Wednesday, July 25, 2012

A letter home: 25 July 2012

My dearest Emma,

Greetings from the sunny-for-once Island of Rain. Up until Saturday I don't think we had experienced a precipitation-free day since May. Often that precipitation would come in the form of constant, heavy rain that found its way into every tiny space of our ancient roof, and down through our ceiling and walls.

But these things are quickly forgotten when the sun shines, Emma. With genuine summer weather, barbecue grills are churning smoke almost nonstop; people are wearing as little as possible, and sometimes far less than acceptable. Windows are open. On trains and buses, the people not wearing deodorant are all too obvious. And suddenly one finds the energy to take on all those projects that had somehow gone ignored when the sky was permanent grey.

In the past few days, Jenn has painted the bathroom, rearranged our storage area, and magically found more space in the kitchen. And both of us have discovered a new joie de vivre toward planning next summer's wedding.

Wedding planning, Emma. This is what I do now. After spending most of June looking at various potential venues, Jenn and I are finally settled on a date and location. We're getting married in a 145-year-old church that isn't a church, on the shores of a bay that is not a bay. It's amusing that we spent so much time looking at other places, because Jenn was hinting at the Norwegian Church as a venue even before I had proposed. 


I suppose my initial reason for hesitation was the fact that it is not very Britishy, what with the Norwegian flag flying out front and a quaintly outdated-looking picture of King Harald V hanging in the room where we'll have the ceremony. But, the more I think about it, the more I like it. The white clapboard building is reminiscent of the churches seen in small Upper Midwestern towns. With the flag of Norway, especially, it reminds me of Minnesota, and in that tenuous way I will feel connected to home on my wedding day.

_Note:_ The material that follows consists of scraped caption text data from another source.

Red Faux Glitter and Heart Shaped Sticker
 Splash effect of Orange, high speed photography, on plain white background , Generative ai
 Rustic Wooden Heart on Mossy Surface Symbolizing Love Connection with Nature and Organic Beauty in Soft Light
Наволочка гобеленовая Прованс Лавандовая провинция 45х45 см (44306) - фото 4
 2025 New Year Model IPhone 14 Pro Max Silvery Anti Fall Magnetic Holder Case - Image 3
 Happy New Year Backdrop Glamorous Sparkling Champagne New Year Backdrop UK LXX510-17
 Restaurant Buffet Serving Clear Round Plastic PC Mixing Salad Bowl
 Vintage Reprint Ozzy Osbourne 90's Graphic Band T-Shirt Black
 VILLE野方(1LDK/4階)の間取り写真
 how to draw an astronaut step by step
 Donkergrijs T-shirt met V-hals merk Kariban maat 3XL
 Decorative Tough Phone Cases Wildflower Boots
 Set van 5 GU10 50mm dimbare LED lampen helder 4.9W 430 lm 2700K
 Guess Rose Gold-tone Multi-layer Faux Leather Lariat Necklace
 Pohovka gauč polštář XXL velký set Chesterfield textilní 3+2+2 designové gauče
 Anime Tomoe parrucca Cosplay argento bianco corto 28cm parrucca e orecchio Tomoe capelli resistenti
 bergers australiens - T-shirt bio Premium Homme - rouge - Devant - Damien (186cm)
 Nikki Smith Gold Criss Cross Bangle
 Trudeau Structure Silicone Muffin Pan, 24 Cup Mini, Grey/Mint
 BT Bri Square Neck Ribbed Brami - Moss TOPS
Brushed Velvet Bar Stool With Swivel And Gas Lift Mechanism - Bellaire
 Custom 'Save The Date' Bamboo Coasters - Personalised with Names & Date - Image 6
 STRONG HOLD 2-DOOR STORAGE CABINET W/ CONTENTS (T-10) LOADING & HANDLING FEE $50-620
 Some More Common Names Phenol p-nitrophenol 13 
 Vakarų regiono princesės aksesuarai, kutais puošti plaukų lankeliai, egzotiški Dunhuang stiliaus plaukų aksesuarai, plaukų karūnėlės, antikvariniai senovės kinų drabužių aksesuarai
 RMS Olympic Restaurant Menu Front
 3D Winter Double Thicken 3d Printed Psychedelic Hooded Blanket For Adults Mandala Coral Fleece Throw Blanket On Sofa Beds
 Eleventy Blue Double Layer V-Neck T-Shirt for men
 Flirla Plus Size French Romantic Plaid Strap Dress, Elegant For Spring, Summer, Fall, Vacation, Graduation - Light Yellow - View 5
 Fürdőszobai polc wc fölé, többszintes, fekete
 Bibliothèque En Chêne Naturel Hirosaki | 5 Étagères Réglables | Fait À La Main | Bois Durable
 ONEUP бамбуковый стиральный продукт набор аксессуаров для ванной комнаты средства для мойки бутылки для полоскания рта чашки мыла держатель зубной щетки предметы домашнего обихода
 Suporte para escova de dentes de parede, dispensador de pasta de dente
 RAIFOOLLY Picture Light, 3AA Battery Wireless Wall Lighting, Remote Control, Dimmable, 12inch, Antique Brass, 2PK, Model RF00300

Hopefully friends from Minnesota will come to strengthen that connection. And hopefully, for their sakes, the weather will cooperate. The odds are not very good of any single chosen day in Britain being sunny, of course, but that doesn't stop me from wishing for it. I'll be asking my American friends to invest a lot of time and money to come here, and I want so much for it to be worthwhile. I want them to get a chance to see the best possible side of Cardiff/Wales/Britain. I want them to be able to sit on the deck next to the church, sipping their beer or wine or Pimms, looking out across the water of Cardiff Bay, and think: "Damn. I'm really glad I came."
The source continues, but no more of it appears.